With confidence and polish that cover all aspects of production, Melbourne Opera takes on another Wagner opera, The Flying Dutchman, with further success.
Whereas Melbourne Opera’s Tannhäuser (2016) was something of an experiment, the trip across Collins Street (along with last year’s visit to the Palais Theatre) is now capably and comfortably accommodated by the company. And the increased scale of production is matched by a healthy swell in the audience; the massive stalls of the Regent were filled to the back row at the opening performance, with a great many audience members sitting upstairs as well.
Melbourne has enjoyed a great resurgence in the performance of Wagner’s operas in recent years, a trend that began back in 2013 with Opera Australia’s Melbourne Ring Cycle and Melbourne Opera’s Rienzi. Indeed, this is the second production of The Flying Dutchman to be staged locally in four years. Opera lovers of Melbourne should be feeling comfortable, and in fact even knowledgeable, in regard to Wagner’s work at this point. The compact structure of The Flying Dutchman makes it all the more accessible, even for newcomers.
In presenting The Flying Dutchman, Melbourne Opera has done full justice to the classic work with an imaginative, carefully considered staging, an excellent cast and close attention to the music. The company has shown respect for Wagner’s original wishes by performing the opera as a single act. The quality of the production and music make for a compelling running time of 135 minutes.

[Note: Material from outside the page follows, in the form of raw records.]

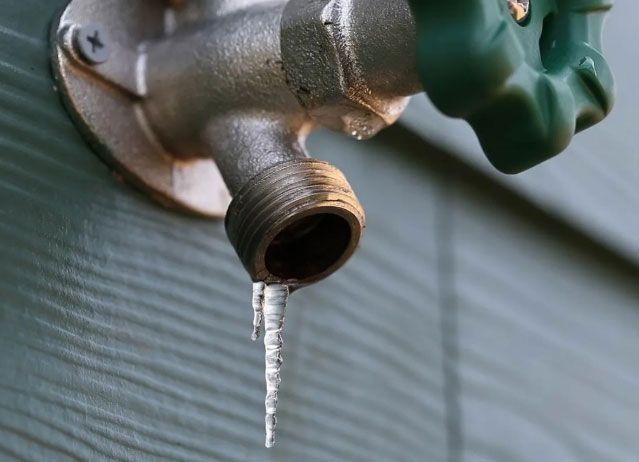 An outdoor faucet with an icicle forming on its spout, mounted on a green wall.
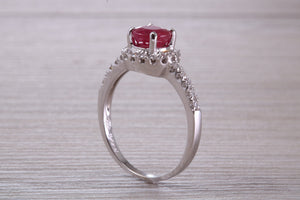 One and Half carat Stunning Ruby and Diamond Halo set Ring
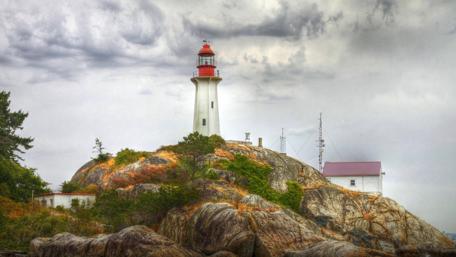 Lighthouse on Rocky Coastline in Cloudy Skies wallpaper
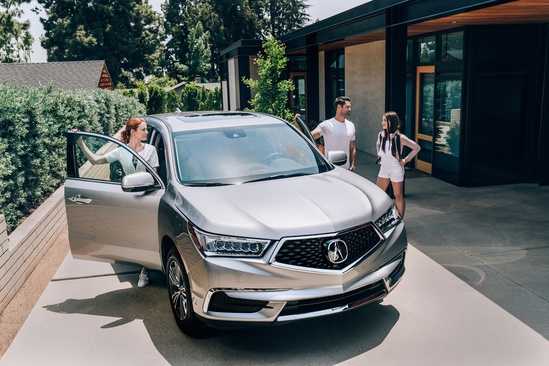 people standing around an acura mdx in houston tx John Eagle Acura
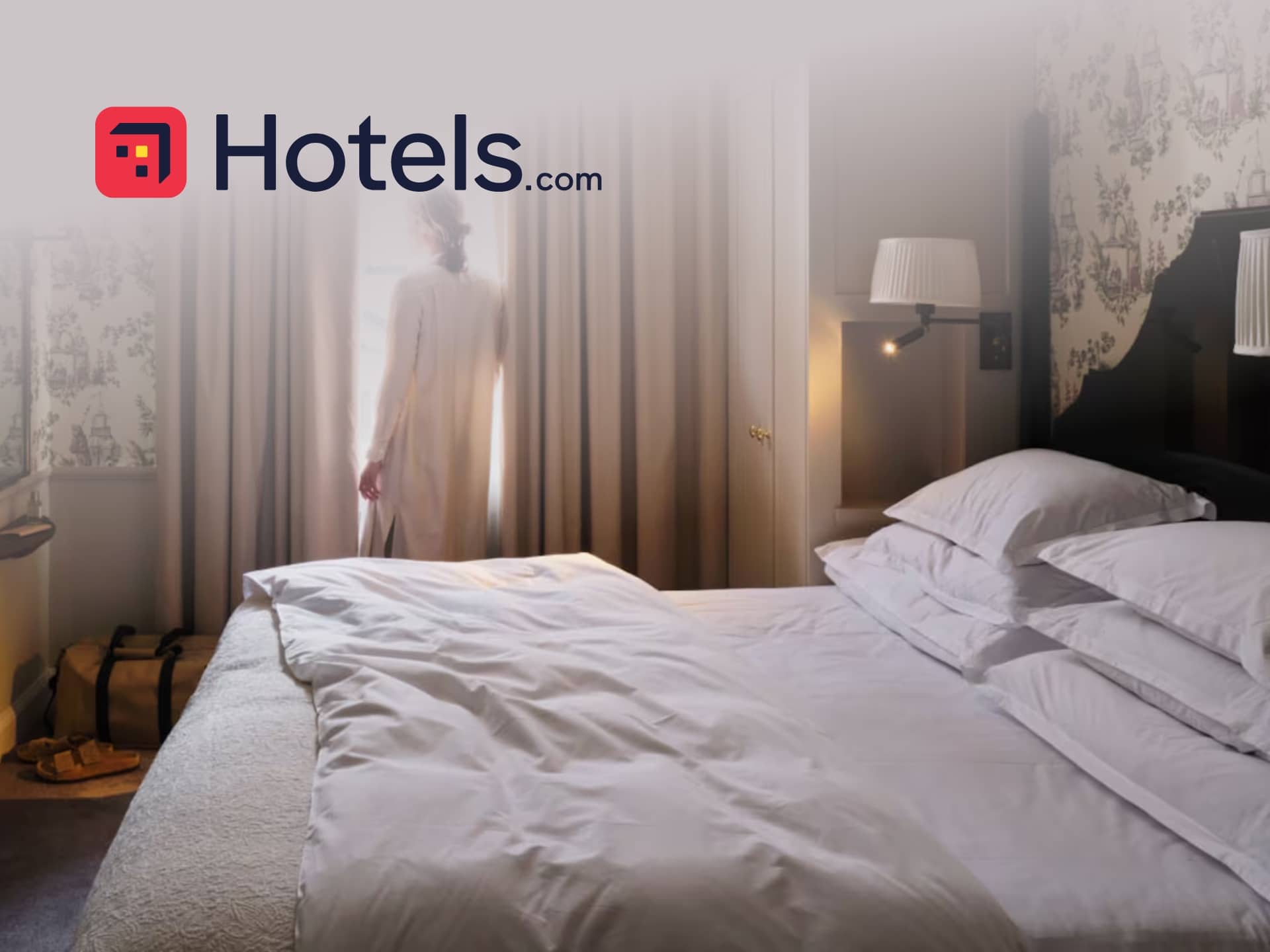 Hotels.com Discount Code Luxury hotel room with a view, Hotels.com booking available. Comfortable bed, modern decor. Travel and accommodation deals.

Maestro Anthony Negus, a noted international Wagner expert, leads the expanded Melbourne Opera Orchestra in a very fine performance. The music is clearly very well rehearsed, and the stormy atmosphere is conjured with great flair.
As a particular luxury, the Melbourne Opera Chorus is large enough to provide a dedicated Ghost Ship crew, a set of male singers in special make up and costumes who make an all too brief appearance towards the opera’s climax. Singing beautifully and voluminously, under the guidance of Raymond Laurence, the chorus members add to the stage merriment with simple but very effective festive choreography by movement director Verity Hunt-Ballard.
Director Suzanne Chaundy places the focus squarely on the lovely Senta, interpolating a brief prologue near the end of the overture in which we see that the young woman has grown up feeling very attached to the mysterious man in the painting. A final ghostly image after the dramatic climax rounds out this concept.
Chaundy has evidently worked in close collaboration with set designer Andrew Bailey to make thorough use of the large stage space. Bailey has contributed an extraordinary central set piece: a large rotatable platform that curves up to a peak like the bow of a ship. Sails are flown in for the ship of Captain Daland, father of Senta, and the dark sails of the ghost ship ominously rise from stage level. The blood red horizon that accompanies the appearance of the ghost ship is just one of the striking effects in the lighting design of Rob Sowinski.
Harriet Oxley’s extensive costumes complete the handsome stage picture. In a lovely old fashioned touch, Oxley has all the women in muted colours with their hair in scarves while dear Senta sports a pristine mauve gown and luscious flowing blonde locks.
In terms of props, the women’s miming of the use of spinning wheels works well enough, but it would help the scenario to have a couple of actual spinning wheels at the front.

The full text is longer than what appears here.